Derek Mills (born July 9, 1972) is an American former sprinter. He was a 1996 Olympic Games gold medalist in the men's 4 × 400 meter relay for the United States. He has a career best of 44.13 in the 400 m. After going to college at Georgia Tech in Atlanta and winning the 1994 NCAA Championship in the 400 m at Boise, Idaho, Mills ran to a #2 World Ranking behind Michael Johnson—breaking 45.00 seven times that year.

A native of Washington, D.C., Mills attended DeMatha Catholic High School in Hyattsville, Maryland.

Mills received his juris doctor from Tulane University Law School and his MBA from the Freeman School of Business at Tulane University in 2006. He is currently an assistant track and field coach at Tulane University in New Orleans, Louisiana.

Mills is the step-father of National Football League player Odell Beckham Jr.

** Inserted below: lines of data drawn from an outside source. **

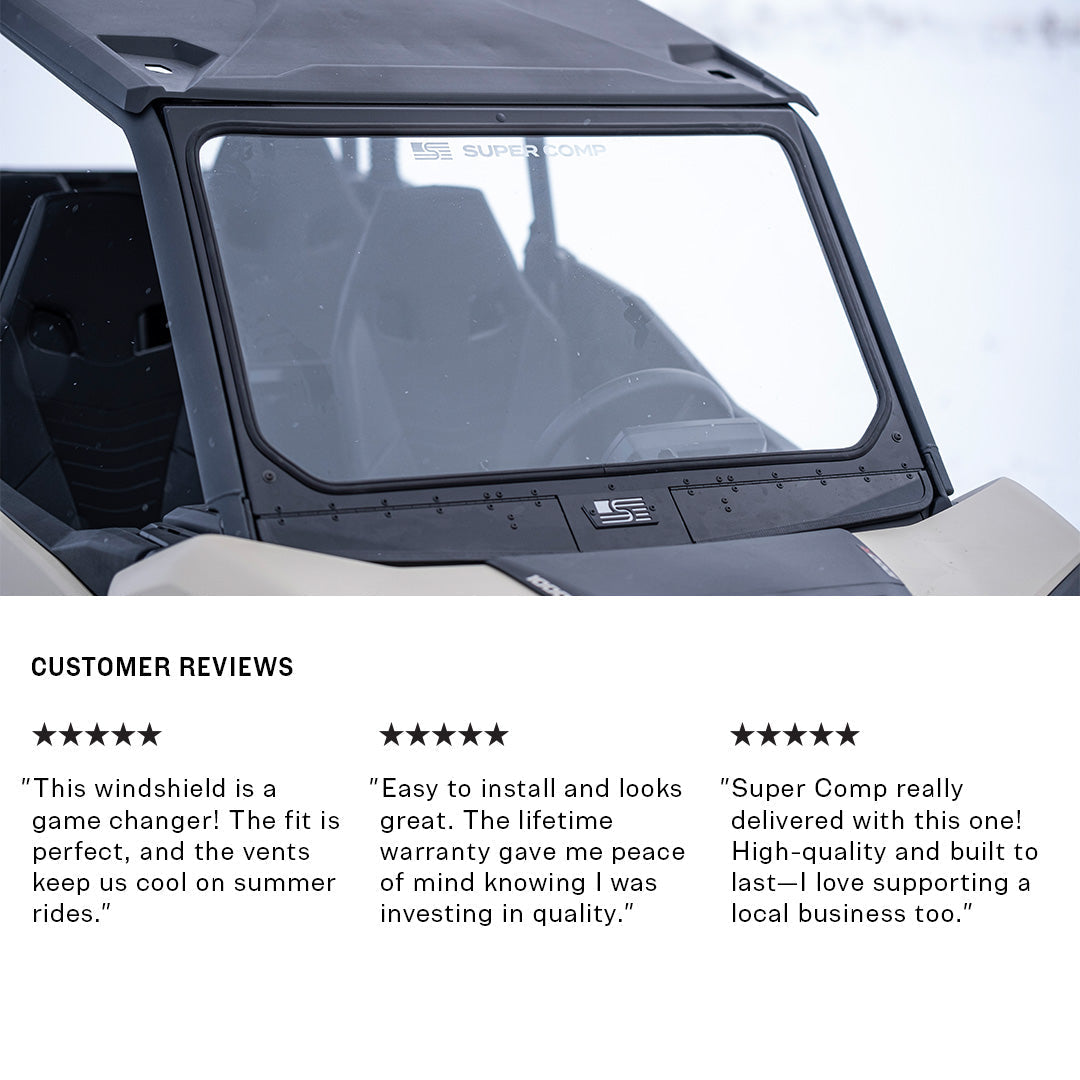 Can-Am Commander Vented Front Windshield - Glass Front Windshield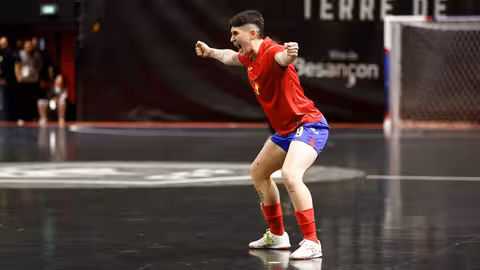 Ant&iacute;a P&eacute;rez, en una de las celebraciones con la selecci&oacute;n nacional de f&uacute;tbol sala femenino. | FOTO: FIFA.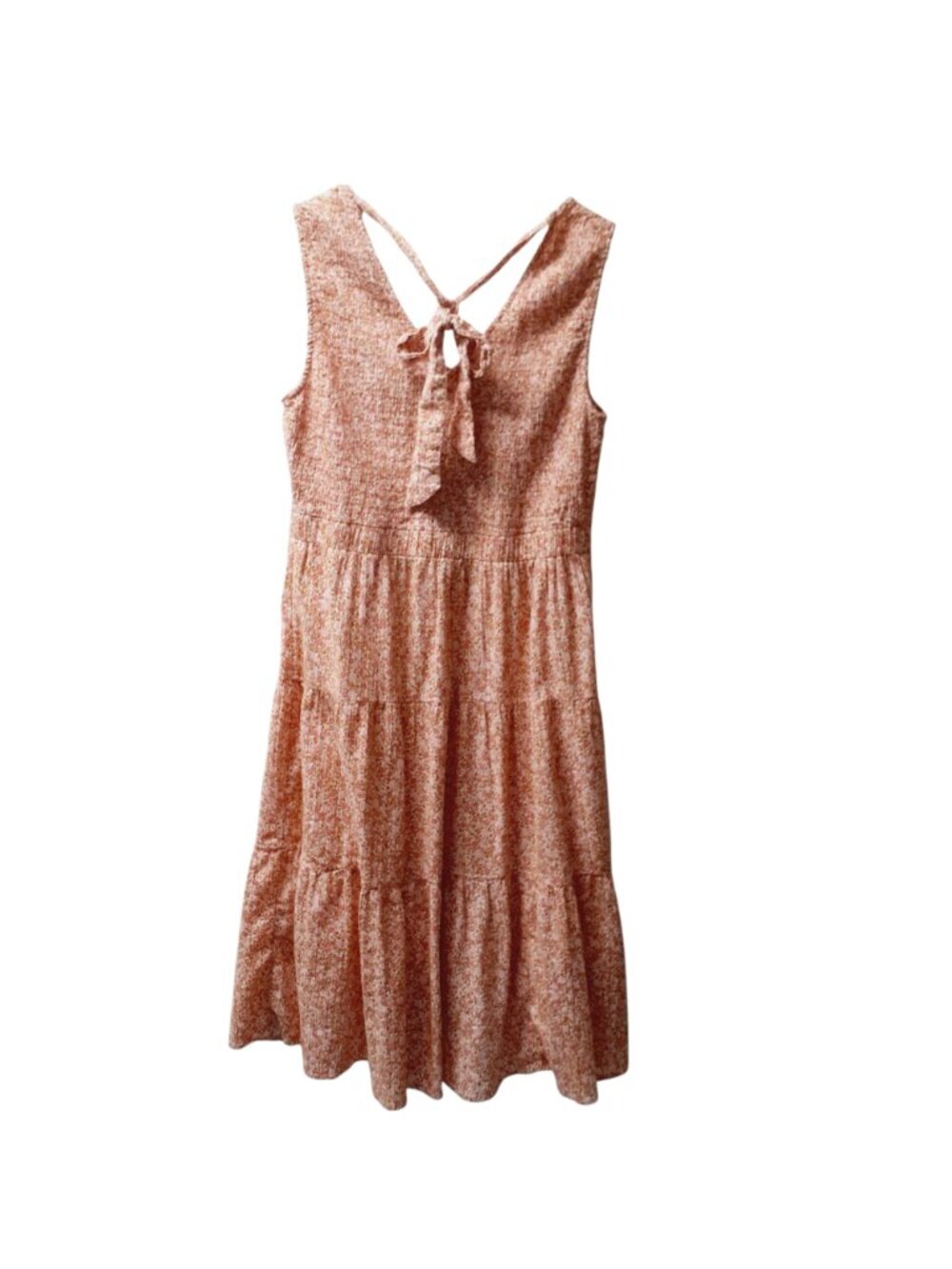 Wonderley Womens Tiered Midi Dress Large Pink Floral Back-Tie Detail Sleeveless - Picture 3 of 6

He was previously engaged to Heather Van Norman, Beckham's mother. Who earned six-time NCAA All-American honors in Track & Field while at Louisiana State University and a long-time collegiate track coach. They have a child together named Jasmyne. He does have roots in North Carolina. He grew up visiting his third cousins on Camp Branch, Dave, Daryl, Kelly and DeWayne.